All Pairs Shortest Path with limitations

Hi together,

I have a question on how you would tackle the following:

I have a graph and want to calculate all possible shortest paths but exclude a few nodes as starting / stopping positions.

I can not filter out those vertices, since paths should be allowed to pass them - just not start or terminate there.

Calculating all possible shortest paths manually is computationally infeasible.

Thanks a lot!

Stephan

attachment.html (928 Bytes)

Hi Stephan,

If the number of start-end pairs is not high you could compute all
shortest paths and then remove the ones you are not interested in.

Best,
Aleks

Hi Aleks!

I thank you for your answer! If already tried that but have not been successful speed-wise.

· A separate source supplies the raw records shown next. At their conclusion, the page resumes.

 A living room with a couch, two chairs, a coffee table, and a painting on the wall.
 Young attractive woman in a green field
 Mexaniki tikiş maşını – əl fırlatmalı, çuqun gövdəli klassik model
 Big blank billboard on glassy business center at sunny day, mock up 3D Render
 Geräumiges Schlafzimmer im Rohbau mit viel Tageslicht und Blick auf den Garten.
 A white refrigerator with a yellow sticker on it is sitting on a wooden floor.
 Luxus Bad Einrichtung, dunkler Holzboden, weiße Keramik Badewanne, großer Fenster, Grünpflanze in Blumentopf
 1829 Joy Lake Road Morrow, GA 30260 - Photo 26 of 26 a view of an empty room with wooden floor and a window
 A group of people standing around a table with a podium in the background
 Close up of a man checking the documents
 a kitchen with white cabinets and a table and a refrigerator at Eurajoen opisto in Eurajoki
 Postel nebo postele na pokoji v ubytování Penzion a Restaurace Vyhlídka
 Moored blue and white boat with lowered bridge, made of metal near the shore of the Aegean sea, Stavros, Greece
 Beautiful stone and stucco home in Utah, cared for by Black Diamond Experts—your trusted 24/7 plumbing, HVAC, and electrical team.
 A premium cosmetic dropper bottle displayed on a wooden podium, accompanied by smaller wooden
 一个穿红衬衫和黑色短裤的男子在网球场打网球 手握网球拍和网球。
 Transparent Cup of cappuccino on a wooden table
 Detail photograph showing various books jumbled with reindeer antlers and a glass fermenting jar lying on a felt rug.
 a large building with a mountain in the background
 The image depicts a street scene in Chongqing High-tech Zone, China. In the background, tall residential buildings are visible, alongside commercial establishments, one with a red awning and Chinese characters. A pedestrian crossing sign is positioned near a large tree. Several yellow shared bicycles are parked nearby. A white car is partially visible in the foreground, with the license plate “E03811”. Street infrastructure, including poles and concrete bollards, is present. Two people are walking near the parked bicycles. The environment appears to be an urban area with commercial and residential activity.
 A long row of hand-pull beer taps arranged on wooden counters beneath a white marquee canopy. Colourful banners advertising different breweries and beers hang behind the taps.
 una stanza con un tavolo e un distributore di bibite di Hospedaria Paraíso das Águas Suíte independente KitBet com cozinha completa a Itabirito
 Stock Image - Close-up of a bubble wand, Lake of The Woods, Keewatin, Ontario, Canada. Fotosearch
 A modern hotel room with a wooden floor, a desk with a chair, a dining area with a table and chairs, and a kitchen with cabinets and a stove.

A full APSP of a very small test graph already takes around 200 ms.

The fastest I could get as described below runs in about 3.6 s. :confused:

The main reason is that shortest_distance() has a "single source, all targets" mode but no "single target, all sources" mode (the reverse) - as soon as "source" is empty, it defaults to APSP, neglecting "target".

Hence I have to do this part manually using shortest_distance(G, u, v).*

My bottleneck is the APSP calculation.

Cheers,

Stephan

*Since the graph is directed, we have the following: Say V is the set of all vertices and B a subset of V I want to exclude as sources / targets from APSP. Then the set of points is [ (V x V) \ [ (V x B) + (B x V) ] ] + (B x B).

Or in graph-tool terms:
- (V x V): shortest_distance(G)

- (V x B): shortest_distance(G, v, b) for b in B for v in V (horrible run-time)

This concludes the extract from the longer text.